Focusing on dividend yield gives the portfolio a value orientation that can open the portfolio to risk. Yield traps, or stocks with untenably high dividends, pose a significant risk to dividend funds. But this strategy limits its exposure to risky companies. Sweeping half the dividend-paying universe into its portfolio diversifies stock-specific risks and limits the influence of distressed firms. Market-cap weighting also emphasizes larger, more stable firms that should have the capacity to continue making dividend payments. This mitigates the impact of yield traps because their weight drops as their prices fall.
Leaning toward stable companies comes at the cost of maximizing dividend yield. But the fund's yield still typically surpasses the Russell 1000 Value Index by about 1 percentage point. Stability extended to performance as well, with the fund historically experiencing a standard deviation consistently lower than its category bogy.

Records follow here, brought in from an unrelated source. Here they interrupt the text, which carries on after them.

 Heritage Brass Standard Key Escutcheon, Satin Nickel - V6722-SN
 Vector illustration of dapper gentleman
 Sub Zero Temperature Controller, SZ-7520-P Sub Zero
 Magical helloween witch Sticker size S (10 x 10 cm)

Like other dividend funds, this portfolio's sector composition can deviate substantially from the category index, owing to its yield orientation. Market-cap weighting normally keeps these differences small, but the fund’s yield screen can still exclude a significant portion of the market during extreme conditions. Between 2010 and 2018, for instance, the fund’s allocation to financial stocks was anywhere from 15 to 20 percentage points below the category average. This is an artifact of the post-financial-crisis dividend cuts across much of the sector. While this did not hurt the fund’s performance significantly, sector bets tend to be an uncompensated risk.
This fund’s cost-conscious approach sets it apart from the crowd. Its 0.06% fee is among the lowest in the large-value category.